What’s New in Query Optimization
SQL Server 2008 introduces a
few new features and capabilities related to query optimization and
query performance in an attempt to deliver on the theme of “predictable
performance.” The primary new features and enhancements are as follows:
An enhancement has been added to the OPTIMIZE FOR query hint option to include a new UNKNOWN
option, which specifies that the Database Engine use statistical data
to determine the values for one or more local variables during query
optimization, instead of the initial values. Table
hints can now be specified as query hints in the context of plan guides
to provide advanced query performance tuning options A new FORCESEEK
table hint has been added. This hint specifies that the query optimizer
should use only an index seek operation as the access path to the data
referenced in the query. Hash values are available for finding and tuning similar queries. The sys.dm_exec_query_stats and sys.dm_exec_requests
catalog views provide query hash and query plan hash values that you
can use to help determine the aggregate resource usage for similar
queries and similar query execution plans. This can help you find and
tune similar queries that individually consume minimal system resources
but collectively consume significant system resources. The new filtered indexes feature in SQL Server 2008 is considered for estimating index usefulness. Parallel query processing on partitioned objects has been improved.
One of the key improvements in SQL Server 2008 is the simplification of the creation and use of plan guides:
The sp_create_plan_guide stored procedure now accepts XML execution plan output directly via the @hints parameter instead of having to embed the output in the USE PLAN hint. A new stored procedure, sp_create_plan_guide_from_handle, allows you to create one or more plan guides from an existing query plan in the plan cache. You can create multiple OBJECT
or SQL plan guides for the same query and batch or module although only
one of these plan guides can be enabled at any given time. A new system function, sys.fn_validate_plan_guide, enables you to validate a plan guide. New
SQL Profiler event classes, Plan Guide Successful and Plan Guide
Unsuccessful, enable you to verify whether plan guides are being used by
the Query Optimizer. New
Performance Monitor counters in the SQL Server, SQL Statistics
Object—Guided Plan Executions/sec and Misguided Plan Executions/sec—can
be used to monitor the number of plan executions in which the query plan
has been successfully or unsuccessfully generated by using a plan
guide. Built-in
support is now available for creating, deleting, enabling, disabling,
or scripting plan guides in SQL Server Management Studio (SSMS).
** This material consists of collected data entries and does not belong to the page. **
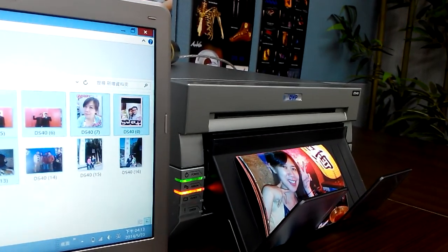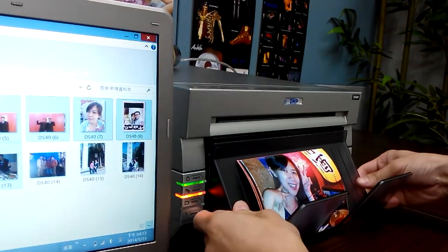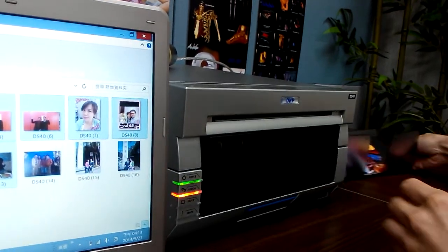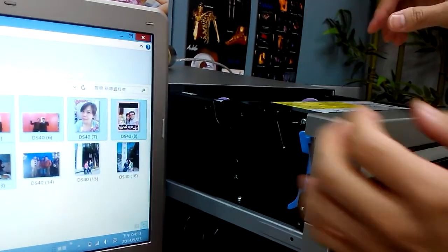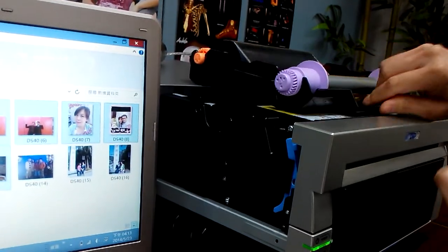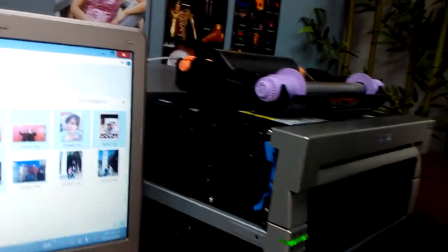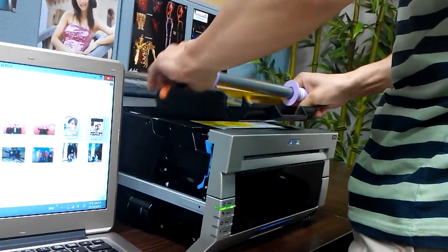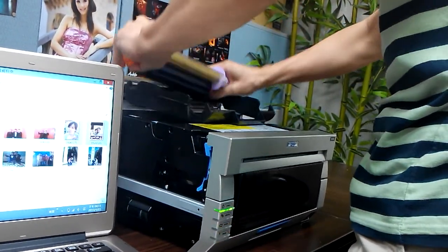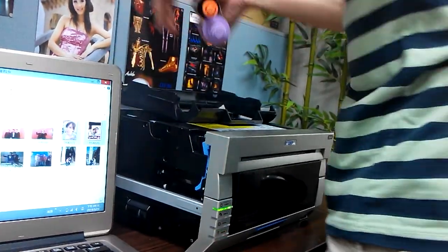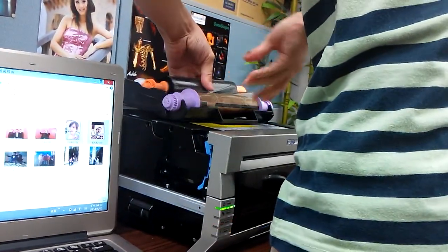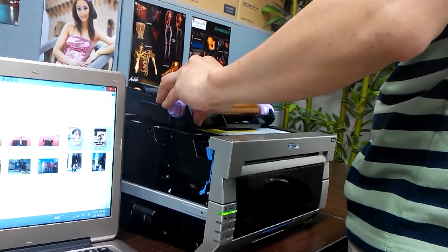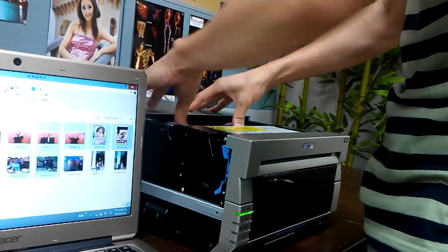Right now the printer has run out of the consumable, so I need to replace it with a new consumable.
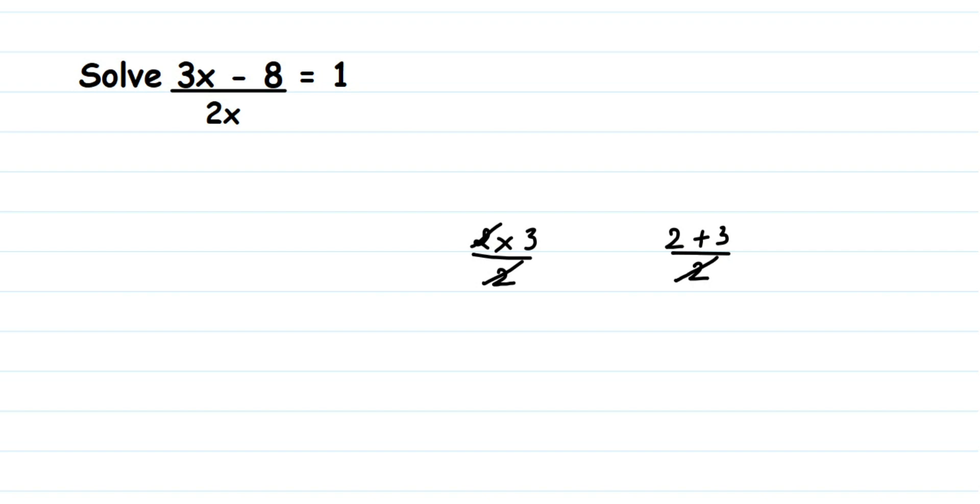So I cannot cancel here. I'm going to transpose 2x to the other side of the equation—it's like cross multiplying. I want to remove 2x from the left part.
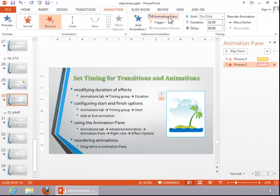This will give you additional options for modifying your animations.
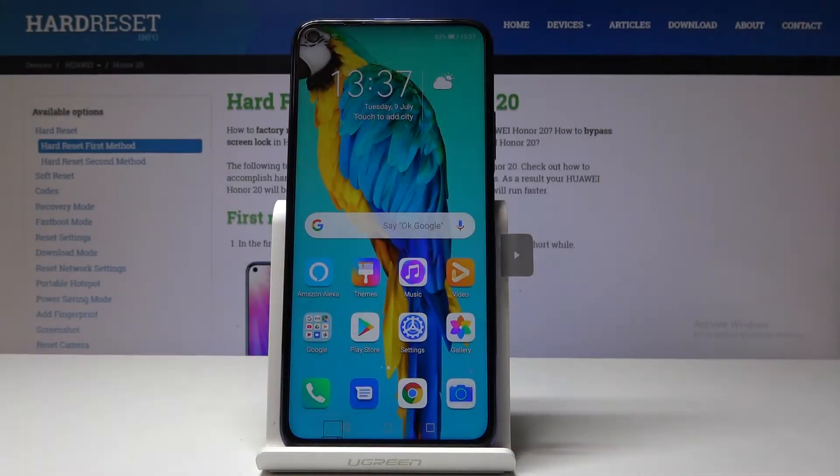Welcome! This is a Honor 20 and today I will show you a couple of tweaks and tricks that you can do on this device.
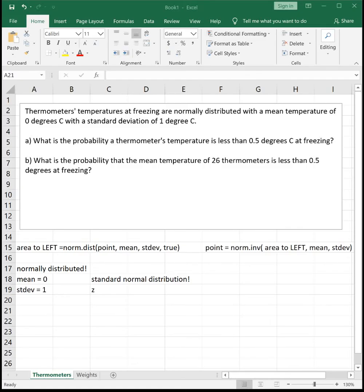In this video, we're going to see how to solve problems using the central limit theorem in Excel. We're looking at the thermometer example where thermometers' temperatures at freezing are normally distributed with a mean of 0 degrees Celsius and a standard deviation of 1 degree Celsius. This is a standard normal distribution because the mean is 0 and the standard deviation is 1.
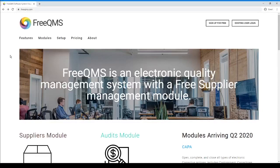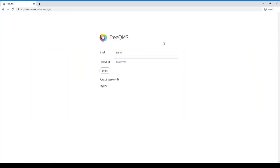FreeQMS reduces the cost of quality in manufacturing environments through multiple modules, each of which addresses a functional area of quality. Enabling additional modules in FreeQMS is easy. Log in to your FreeQMS account as an admin. Typically, this is the first user to sign up for FreeQMS.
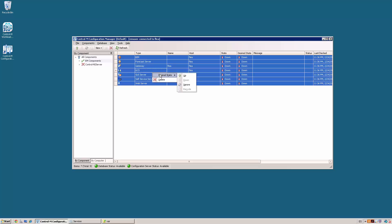Now, we can proceed to start all the Control-M EM components from the Control-M Configuration Manager. We select them and set the desired state to up.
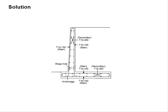As for the transverse reinforcement bar, minimum amount of reinforcement can be provided, which is equal to T-10-300.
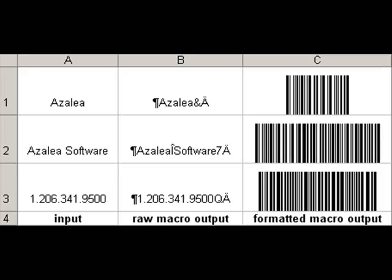You can't simply format a string of text in a barcode font and make a scannable symbol. Barcodes have specific formats with start and stop bars, check digits, parity patterns — stuff you don't want to know about. But we do, and we know how to do it in Excel.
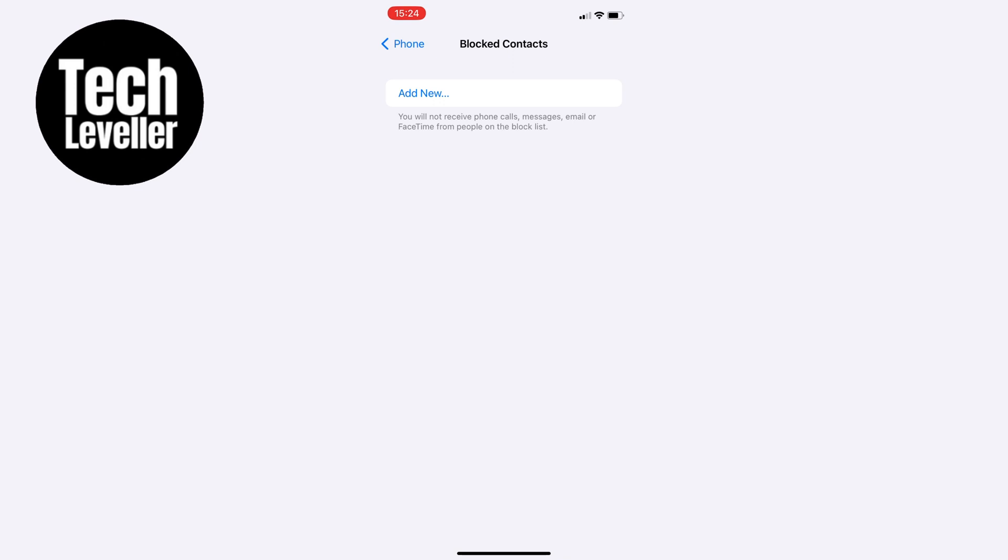If you use another email service, remember this is just on your iPhone and you may have to go into that email service to unblock them there as well.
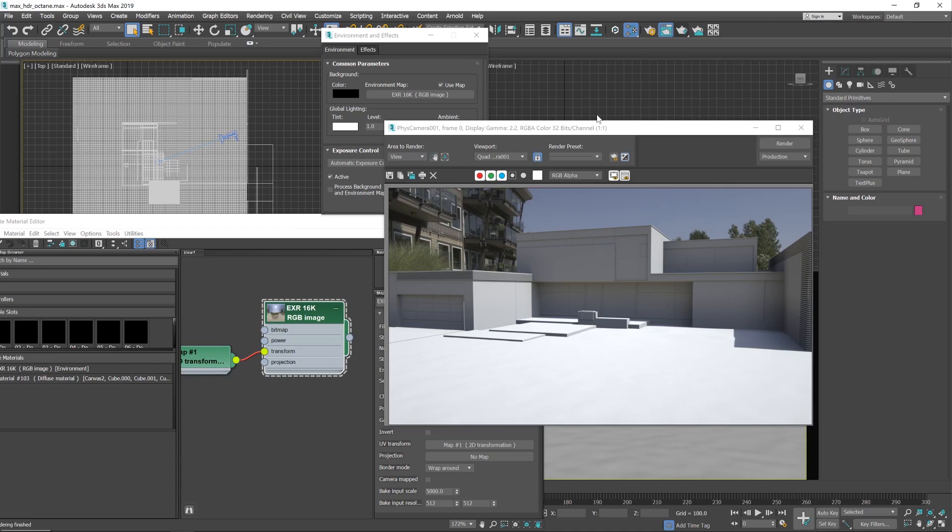One, as I mentioned, the memory is insanely high. Memory usage, sorry. And two, currently the background we're seeing is limited to whatever we've got our lighting setup for.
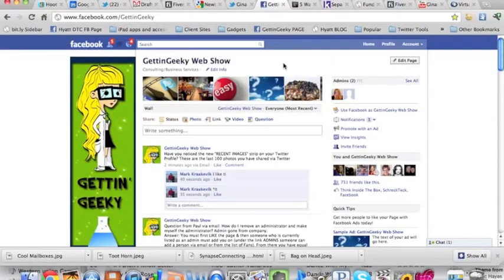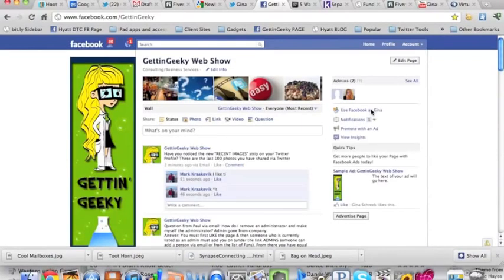Obviously, you want to do things such as reply to people that comment on your page and like the comments that they do post on your page. But beyond that, there's a couple of things you want to be aware of. You'll notice on the right-hand column of your page there's that lovely link that says 'Use Facebook as your page name.' Most people aren't really sure what you do with that or why you click on that link. Here's where that comes into play.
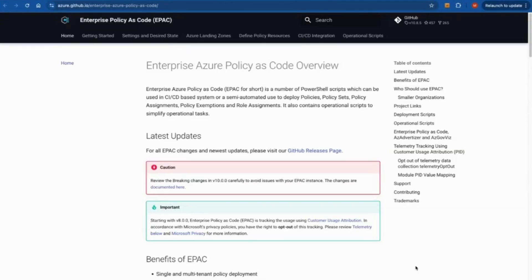Hello everyone, welcome to this video. In this video we'll be discussing Enterprise Policy as Code, known as EPAC. EPAC is a set of PowerShell scripts that let you manage Azure policies, initiatives, assignments, and exemptions.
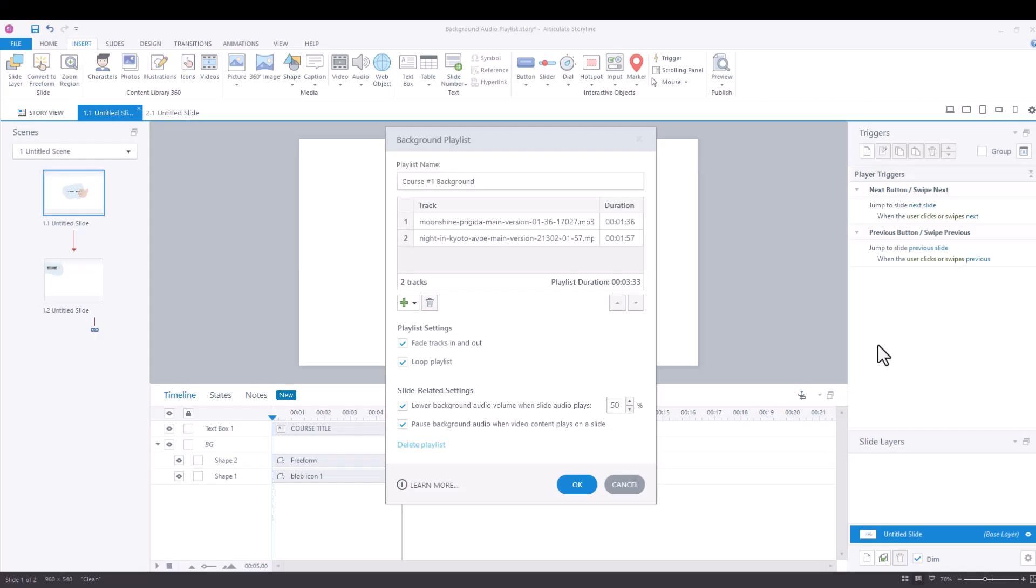Hey everyone, so in the previous videos I showed you how to add a background playlist to your Articulate Storyline project files as well as the various playlist and slide related settings that are associated with the background playlist functionality. Now today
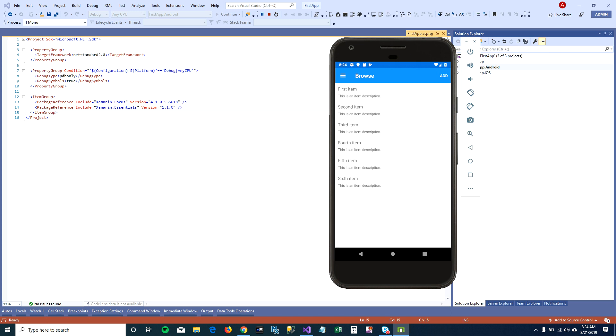So that's how you create your first Android app in Visual Studio. I hope this video was helpful. Let me know if you run into any issues. I'll try my best to answer your questions. Thanks, bye.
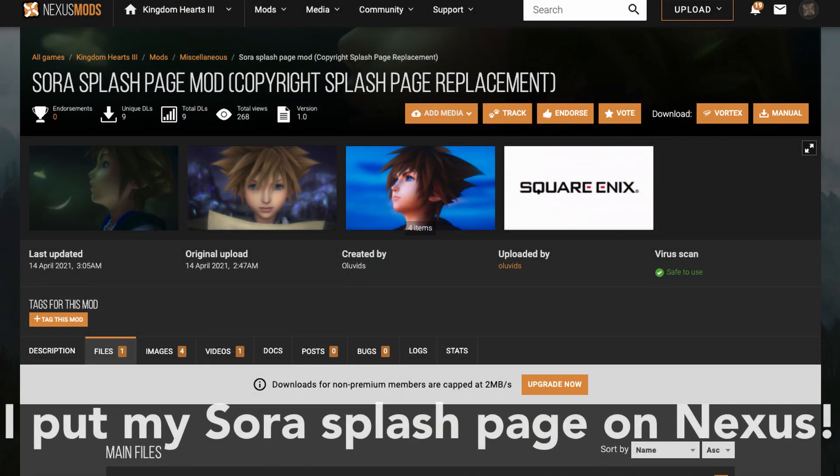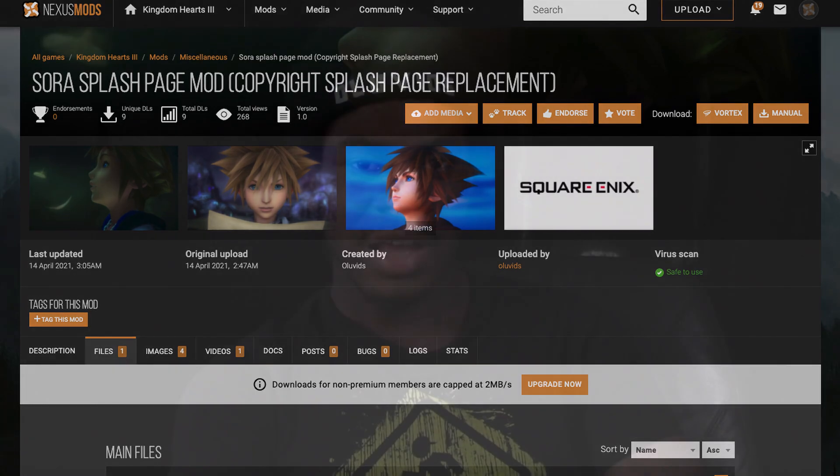What do you guys think of customizing your splash page in Kingdom Hearts 3? There are tons of more complex mods out there, but I think it's pretty cool to personalize it or make the boot-up more dynamic. Anything's better than the plain text and logos. That's gonna be it for this video — I'll see you guys next time.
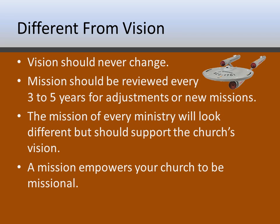The mission of every ministry in your church is going to look a little different, because each ministry has a different area of focus. But they should all have one thing in common: they support the overall vision of the church. The church owns the vision, and each ministry then owns a mission. The church itself can have one or more missions, usually coming up from the ministries, but each ministry should only have one mission that it's working on in support of the church's vision.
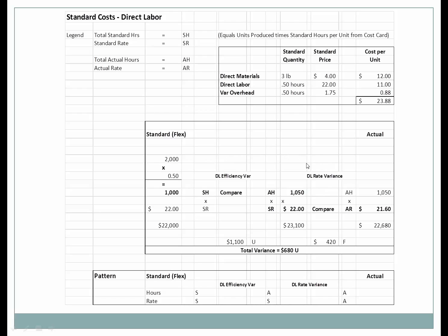This breakdown allows you to identify who is responsible. You talk to the personnel director about the rate variance — why is there a difference in what you're paying people? Then talk to the production manager about the efficiency variance — why is direct labor taking more time than the standard half hour? That's why standards were developed: to break down the total six hundred eighty dollar difference and assign responsibility.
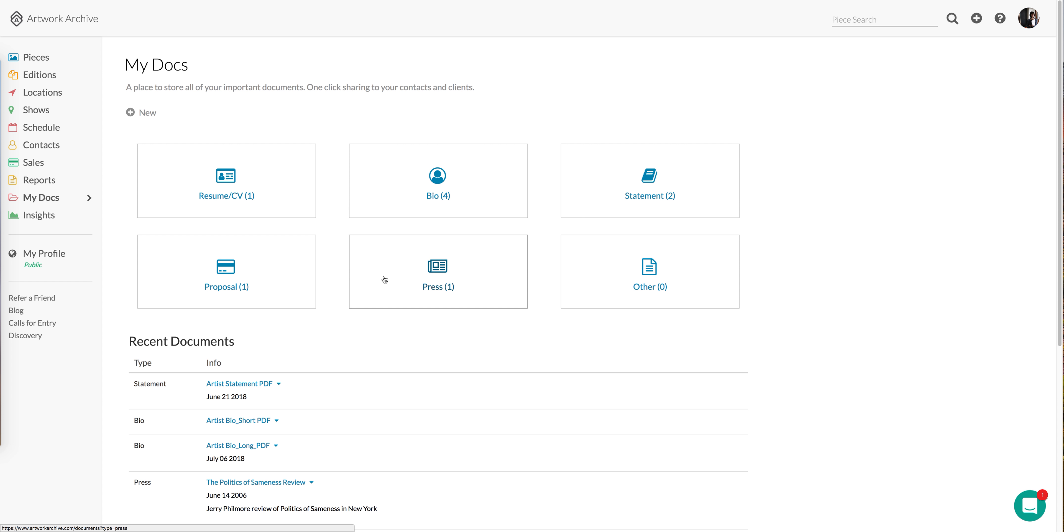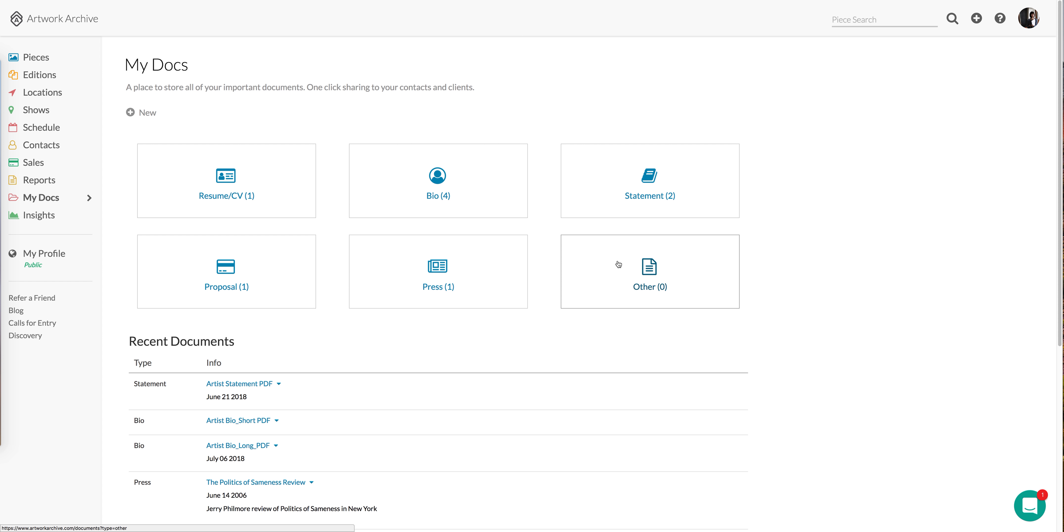You can also use this feature to store grant applications, public art and commission proposals, residency applications, and even as a way to store press information and reviews. We also have a catch-all category that you can use to store any other documents that you feel may be helpful to have on hand.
Plan
guides now are located in the Programmability folder in Object Explorer.
Note
Many of the internals of the
Query Optimizer and its costing algorithms are considered proprietary
and have not been made public. Much of the information provided here is
based on analysis and observation of query plans generated for various
queries and search values.
What Is the Query Optimizer?
For any given SQL statement,
the source tables can be accessed in many ways to return the desired
result set. The Query Optimizer analyzes all the possible ways the
result set can be generated and chooses the most appropriate method,
called the query plan or execution plan.
SQL Server uses a cost-based Query Optimizer. The Query Optimizer
assigns a cost to every possible execution plan in terms of CPU resource
usage and page I/O. The Query Optimizer then chooses the execution plan
with the lowest associated cost.
Thus, the primary goal of the
Query Optimizer is to find the least expensive execution plan that
minimizes the total time required to process a query. Because I/O is the
most significant factor in query processing time, the Query Optimizer
analyzes the query and primarily searches for access paths and
techniques to minimize the number of logical and physical page accesses
as much as possible. The lower the number of logical and physical I/Os
performed, the faster the query should run.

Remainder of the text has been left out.